◆ Task objective ◆
Reproduce, please, the line that holds "Dark Charcoal Pearl" and all later lines through the end of the entries below, exactly; omit pictures.

[Data extracted from a collection]
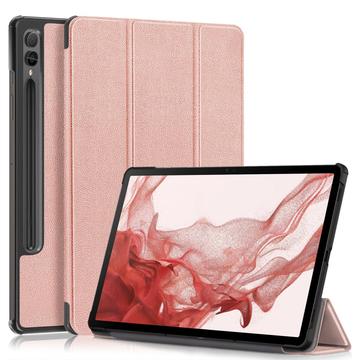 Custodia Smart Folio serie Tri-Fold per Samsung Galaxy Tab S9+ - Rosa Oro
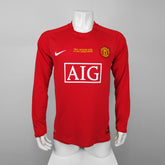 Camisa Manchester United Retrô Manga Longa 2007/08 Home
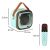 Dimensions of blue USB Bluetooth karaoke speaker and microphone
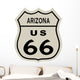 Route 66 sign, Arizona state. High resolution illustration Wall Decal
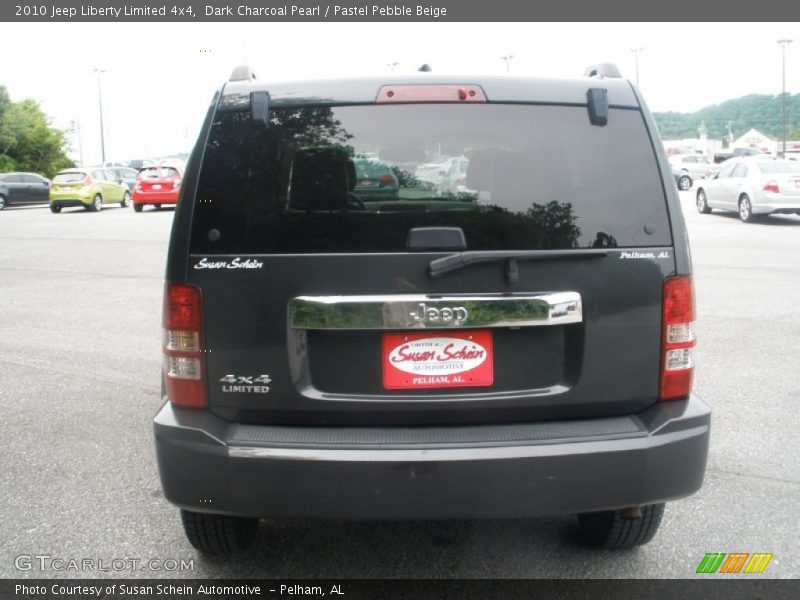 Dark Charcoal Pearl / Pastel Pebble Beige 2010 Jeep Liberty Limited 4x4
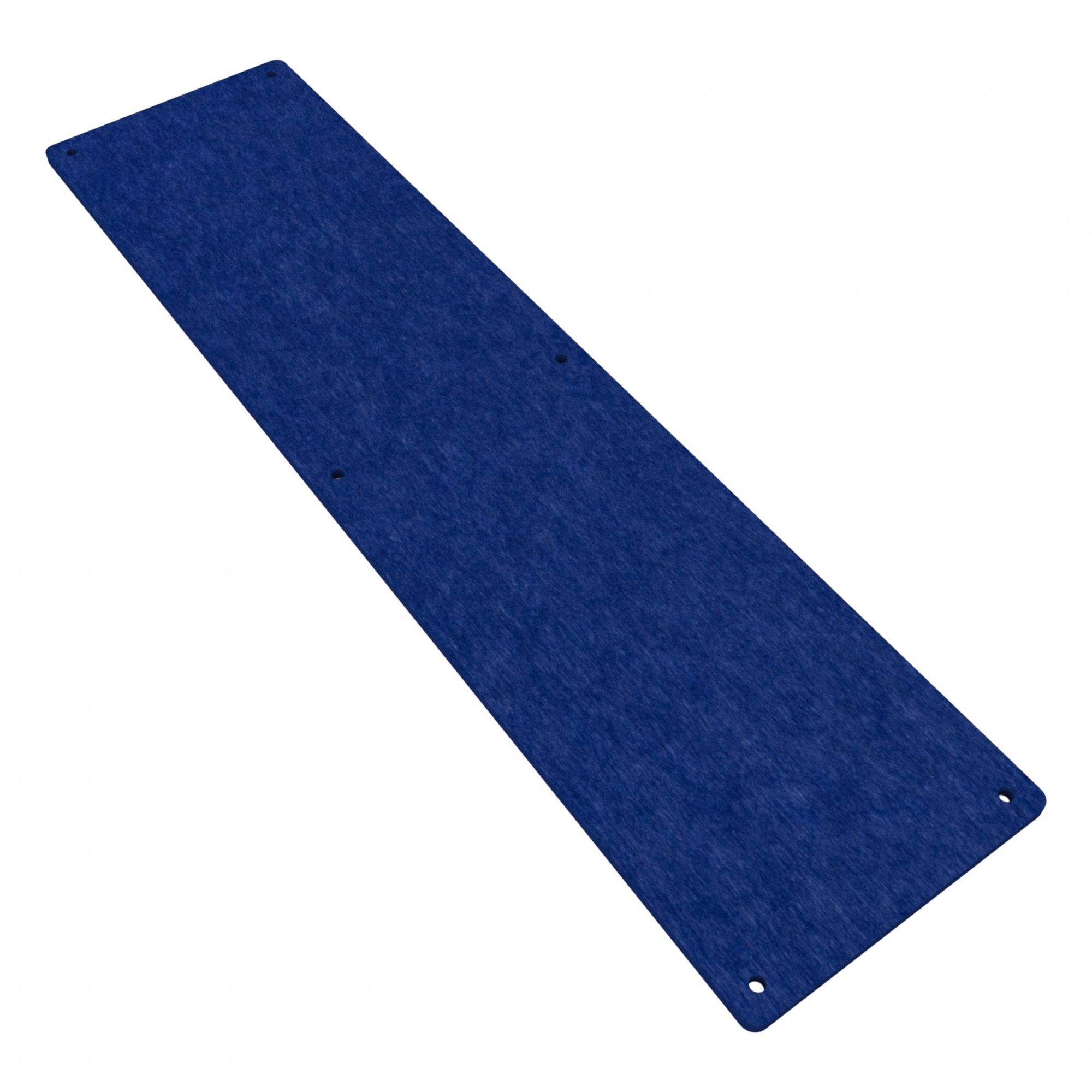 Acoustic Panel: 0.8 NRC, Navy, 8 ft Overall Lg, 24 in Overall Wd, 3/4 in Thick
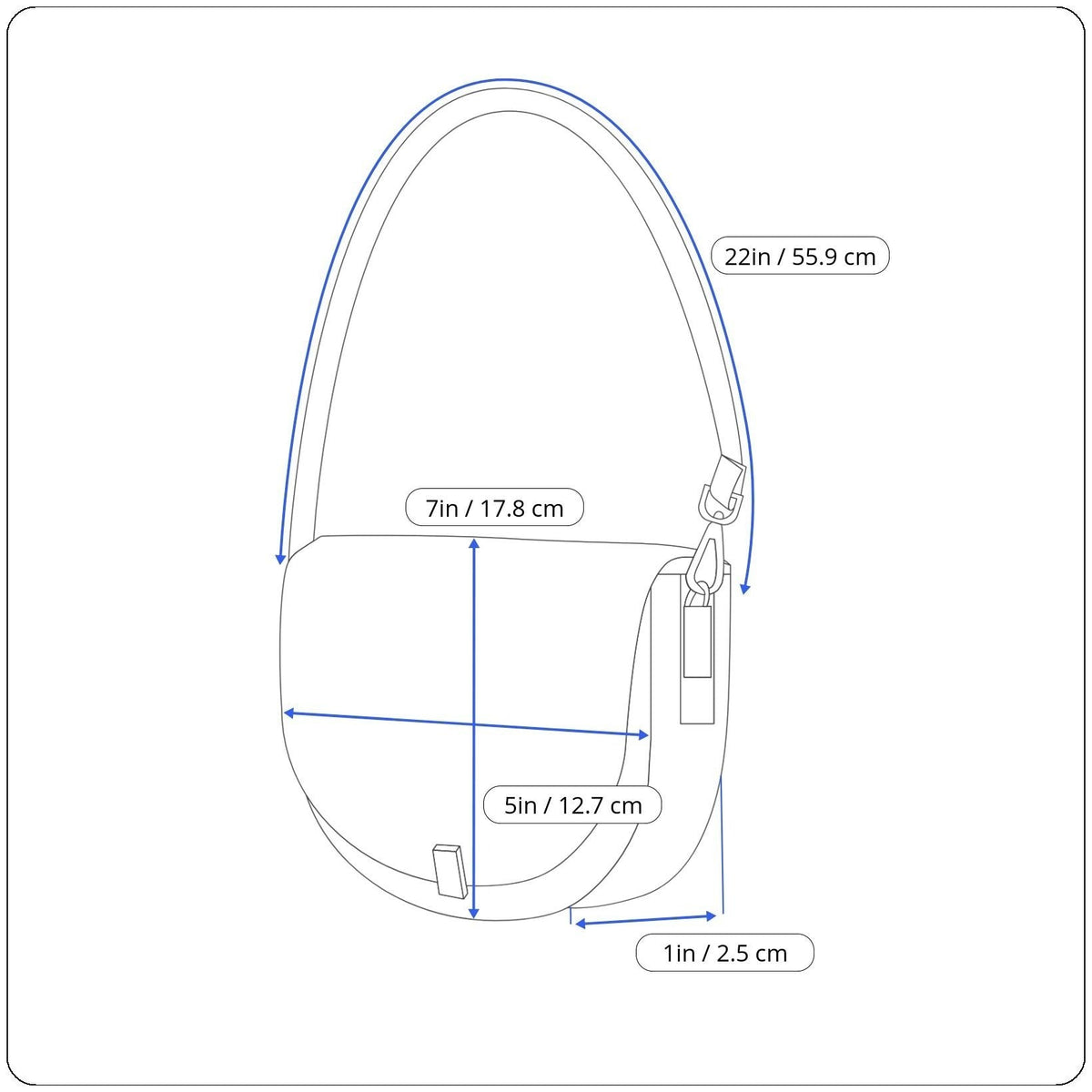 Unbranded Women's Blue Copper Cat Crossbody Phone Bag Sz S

◆ Output for this exercise ◆
 Dark Charcoal Pearl / Pastel Pebble Beige 2010 Jeep Liberty Limited 4x4
 Acoustic Panel: 0.8 NRC, Navy, 8 ft Overall Lg, 24 in Overall Wd, 3/4 in Thick
 Unbranded Women's Blue Copper Cat Crossbody Phone Bag Sz S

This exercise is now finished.